◆ Your assignment ◆
Transcribed word for word, the lines below from the one with "Duke Cannon Supply" through the last line of the records form the answer; no picture is to be included.

----

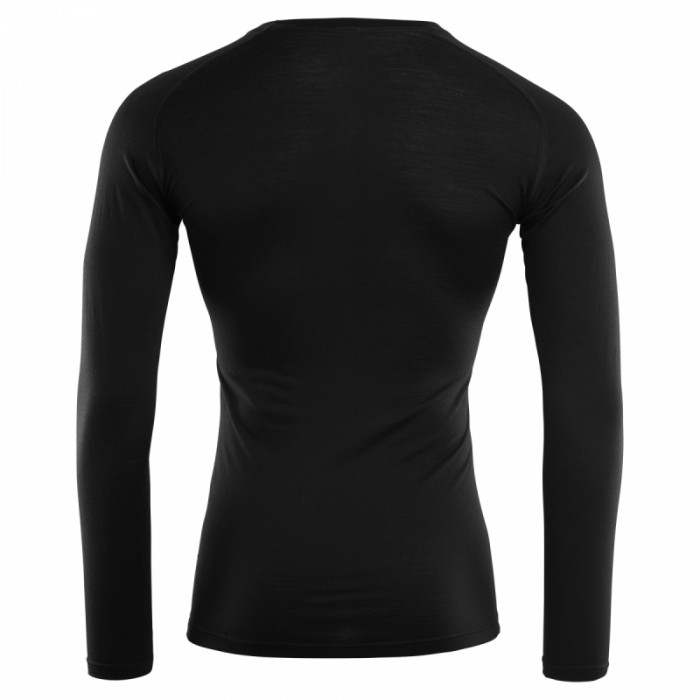 Термофутболка Aclima LightWool Shirt Crew Neck Man JetBlack, L  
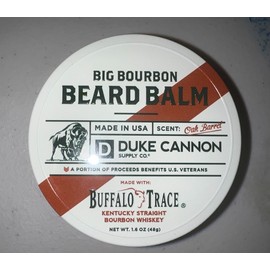 Duke Cannon Supply Co. Big Bourbon Beard Balm, 1.6oz - BRAND NEW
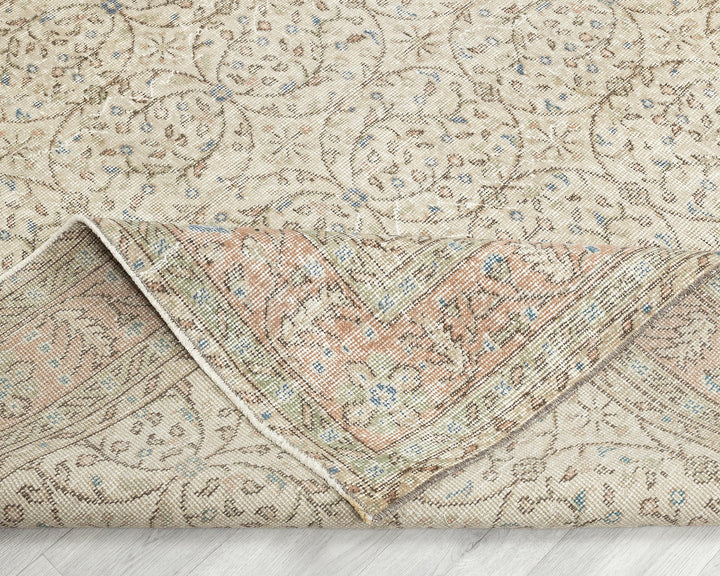 Oushak Rug 6' 4" x 10' 2" | No. VR96842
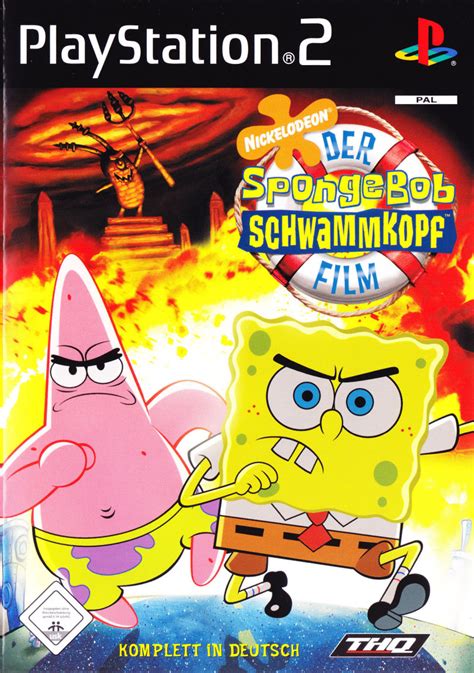 The SpongeBob SquarePants Movie Details - LaunchBox Games Database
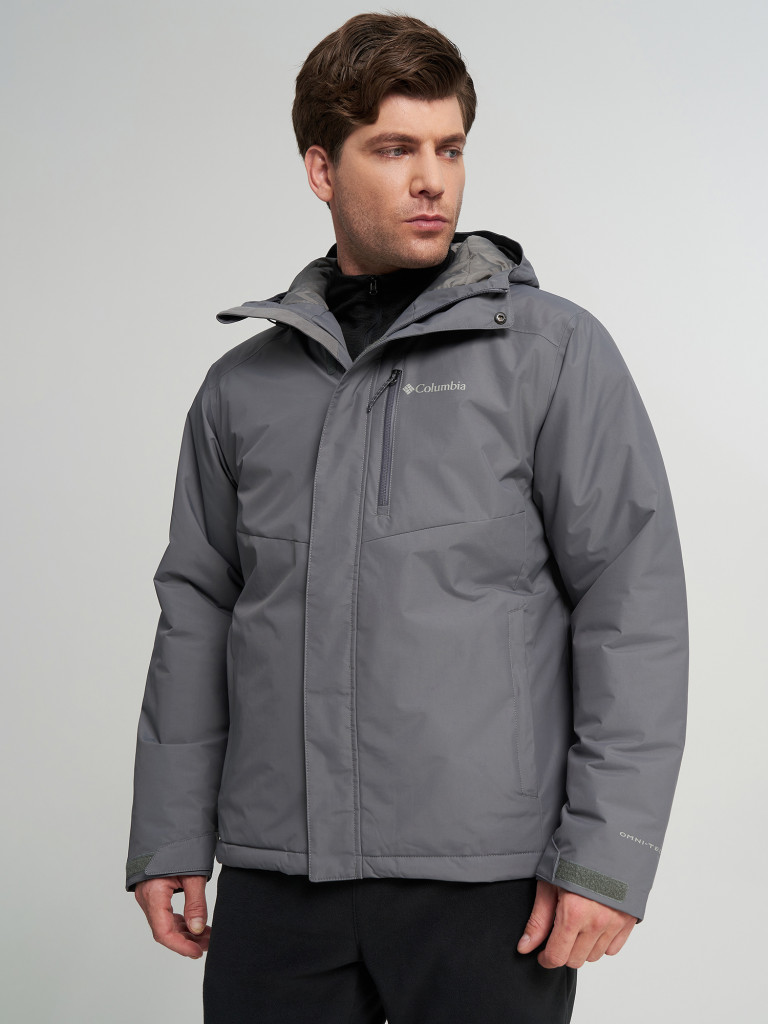 Куртка утепленная мужская Columbia Cascadian Peaks Insulated Jacket — фото №2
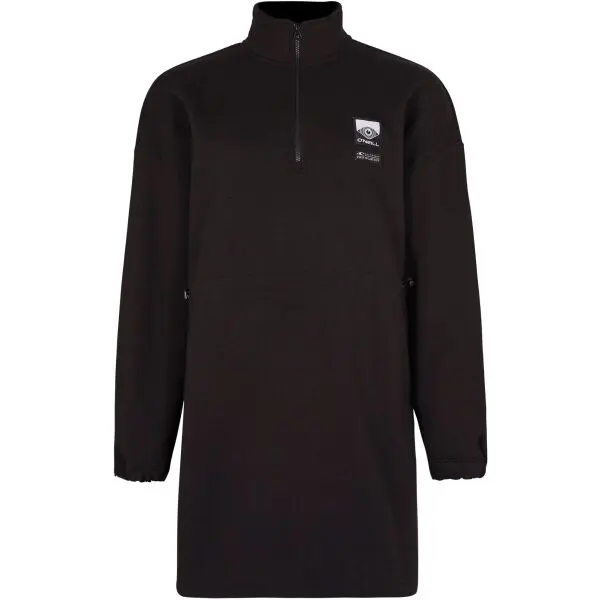 O'Neill O'Neill SURF HEROES SWEAT DRESS Дамска рокля, черно, размер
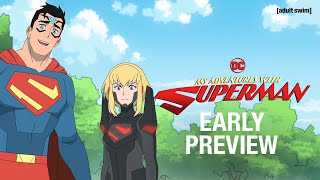 EPISODE 6 PREVIEW  My Adventures With Superman  adult swim [upl. by Nedyrb]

----

◆ Task response ◆
 Duke Cannon Supply Co. Big Bourbon Beard Balm, 1.6oz - BRAND NEW
 Oushak Rug 6' 4" x 10' 2" | No. VR96842
 The SpongeBob SquarePants Movie Details - LaunchBox Games Database
 Куртка утепленная мужская Columbia Cascadian Peaks Insulated Jacket — фото №2
 O'Neill O'Neill SURF HEROES SWEAT DRESS Дамска рокля, черно, размер
 EPISODE 6 PREVIEW  My Adventures With Superman  adult swim [upl. by Nedyrb]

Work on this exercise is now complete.